I’ve mentioned before that Larry’s is the most thorough and consistent characterization on this show, even if sometimes they take shortcuts to explain it, or even if he swings wildly between being asshole and baby.  At this point in the show’s run, no matter what episodes you’ve seen, you’ve more likely than not since one of Larry’s ideas turn out horribly.  So what we’ve got here is a sequel. This two-parter cashes in on what the audience expects to happen.  Okay, sure, the show is telling you what you should expect, to the point that it explicitly tells you it’s doing essentially the same two-parter as a couple of seasons ago.  But other shows do this, even now. Tammy shows up? You know it’s bad news for Ron Swanson. Tammy shows up again? You know how it went last time. Community’s paintball episodes. The Roseanne Halloween episodes I mentioned a few weeks ago. Heck, I do it in my own webcomic where every school dance is ruined somehow. A narrative is enhanced because it’s interacting with itself.  Characters have memory, seek patterns, and try to avoid negative outcomes.
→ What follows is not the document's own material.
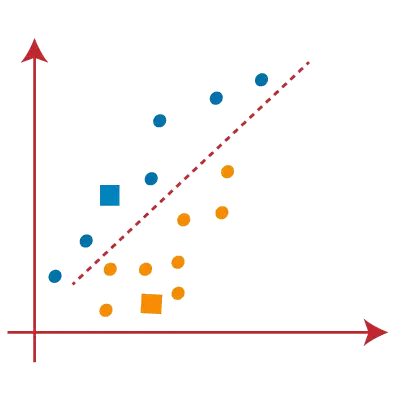 K-Means Clustering Algoritme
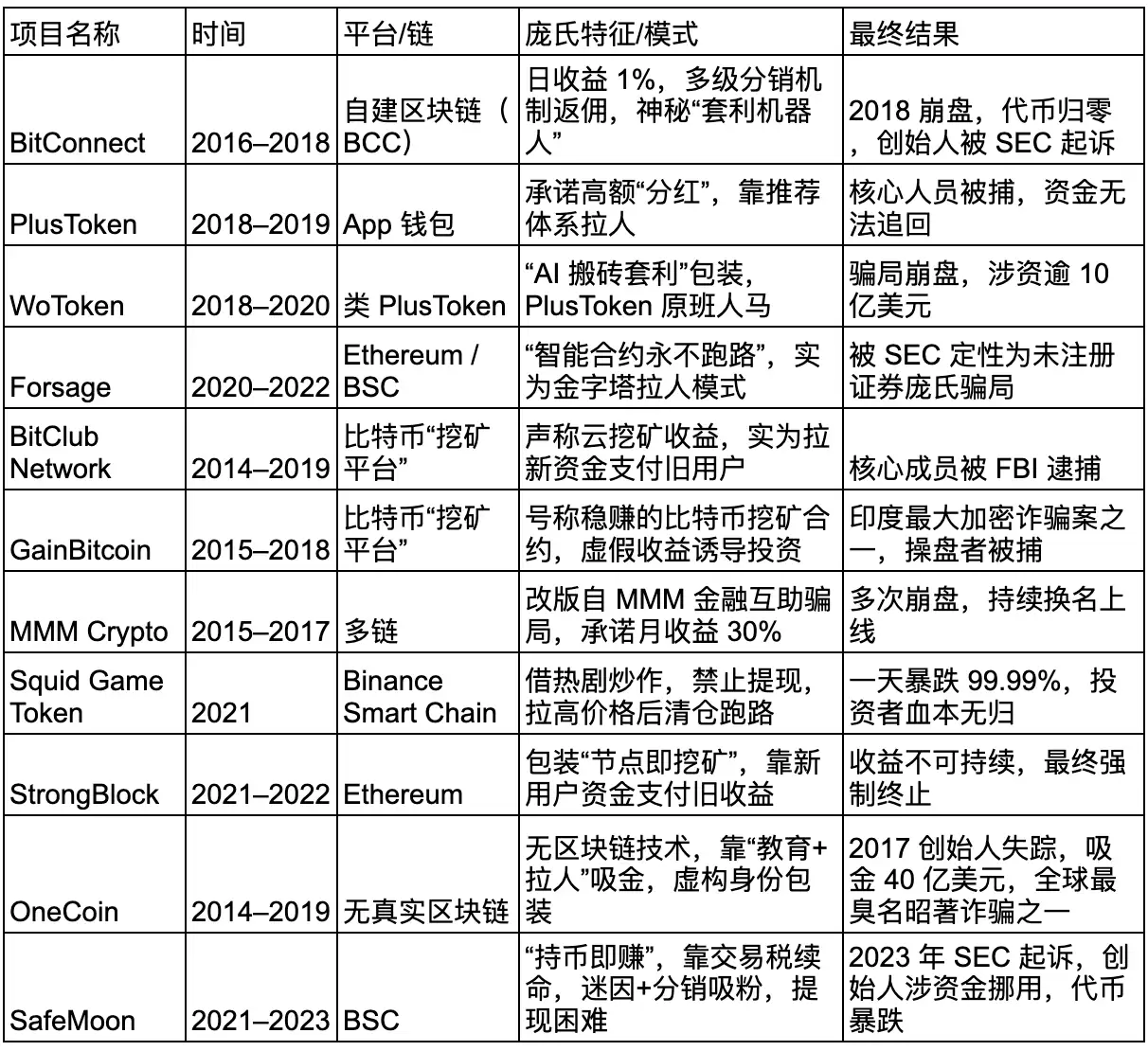 如何识别 Web3 项目中的庞氏骗 局项目？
Also we get established canon, which is nice when this show can’t even remember that Balki once sold sleeping bags.

Unfortunately for these three, they’ve been fooled into thinking they’re on vacation with a white dwarf. They’ve noticed too late that they’re caught in Larry’s gravitational pull. The accumulation of Larry’s failures–one of which was his weight gain–has become too heavy for his core, collapsing in on itself, exploding in a supernova and leaving a black hole.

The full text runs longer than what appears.